My point was that I think that it is possible for aural assessment techniques alone to be used to rank a tuning candidate. After all, I use aural methods to assess my own work every day of my working life.
Posted By: prout

Re: How Did the PTG Grade Tunings before Tunelab Came Out? - 07/10/17 11:49 PM

Originally Posted by Chris Leslie
Prout, I meant to say that subjectivity and disagreement need not occur if strict aural criteria are practiced.
My point was that I think that it is possible for aural assessment techniques alone to be used to rank a tuning candidate. After all, I use aural methods to assess my own work every day of my working life.


I agree completely. As long as the examinee knows precisely what is the criteria for the exam, not necessarily for actual everyday tuning, no problem should arise.

As far as aural tuning assessment everyday, that arises, or should arise from experience and practice. The exam perhaps is a 'license to learn'.

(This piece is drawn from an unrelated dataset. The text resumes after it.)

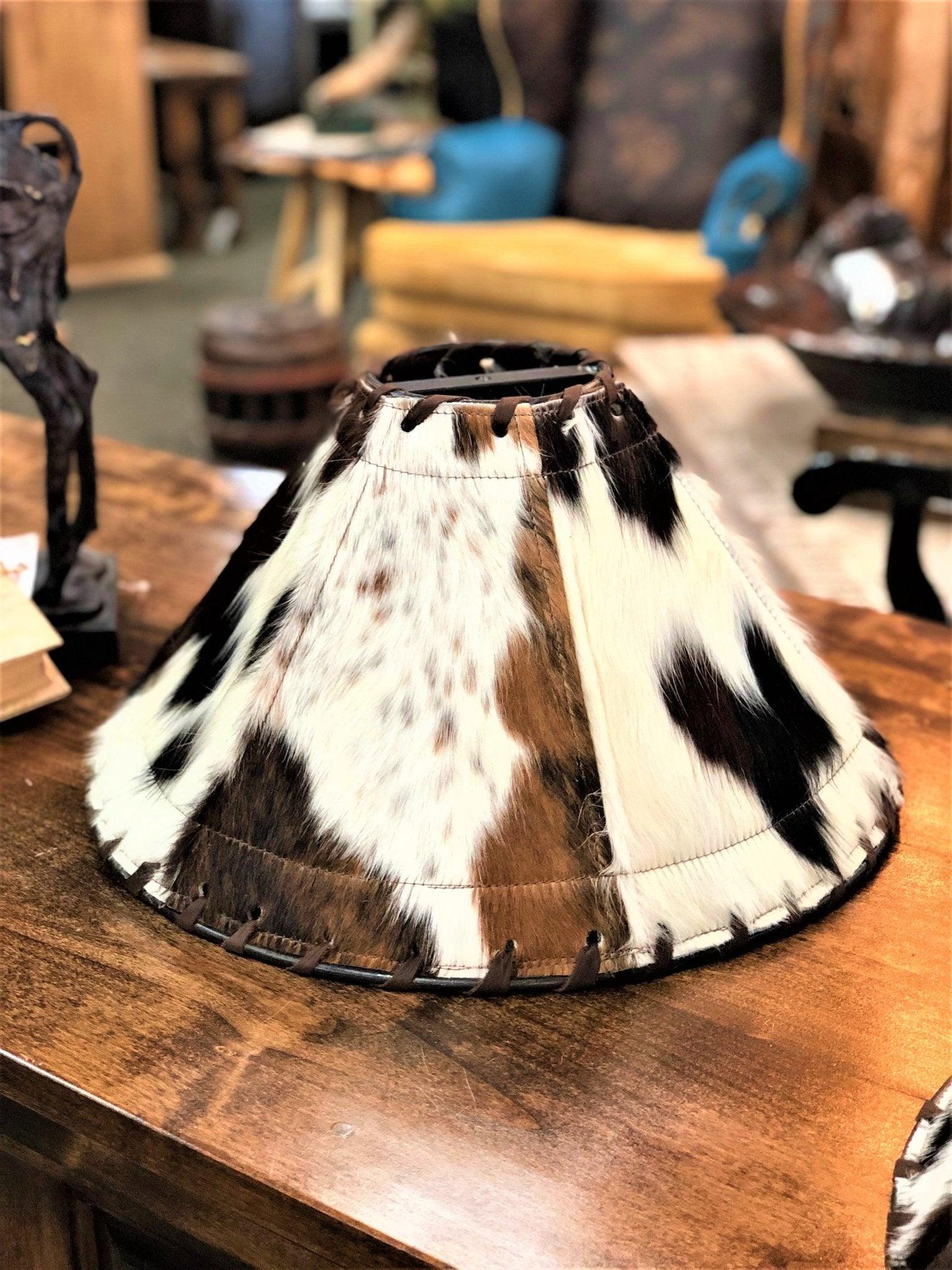 Handmade 18" Tri Color Cowhide Lamp Shade - Blue Mountain Brands USA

I find the idea of tuning an ET aurally frightening since it requires a lot skill and practice. I can't imagine not tuning an UT aurally, since it would take all the fun out of it.

I am ever in awe of purely aural ET tuners and completely understand the desire as a professional to use an ETD as an adjunct, especially where the aural tuning was stored, to increase one's efficiency and speed.
Posted By: DoelKees

Re: How Did the PTG Grade Tunings before Tunelab Came Out? - 07/11/17 12:40 AM

Originally Posted by Musicdude
Originally Posted by Lucas Brookins RPT
Musicdude, I think you would be surprised to see how consistent the master tunings are, especially at the PTG conventions!


I'd have to see that, to believe it.

The master tunings are stored in a computer, so if more than one master tuning was ever done on the same piano,
we should be able to compare the tunings, and see how many cents off they are from each other. Are they off by more than the 0.9 cent tolerance allowed in the PTG exam?

It would be interesting to see if they are or not. This would give an idea of how much flexibility there is in tuning.

I assume you know that if a discrepancy of at least 1 cent with the master tuning is detected with the ETD, this is not marked as an error right away. Instead aural checks are done to determine if this was really an error or an acceptable alternative. (I do not know if there is a protocol for this procedure.)

It would be interesting to find out how often such a discrepancy is aurally considered satisfactory in practice.

Generally regarding your arguments: You're not the first to bring those points up and I think they are valid and have been discussed at PTG and considered carefully and the current PTG exam format is the best they could come up with, balancing your points against other considerations. If you search this forum I recall several threads from years ago where similar points were discussed and rationales for the current exam format was given. Mainly, if not exclusively, by Bill Bremmer who is probably the leading expert on PTG exam issues on this forum.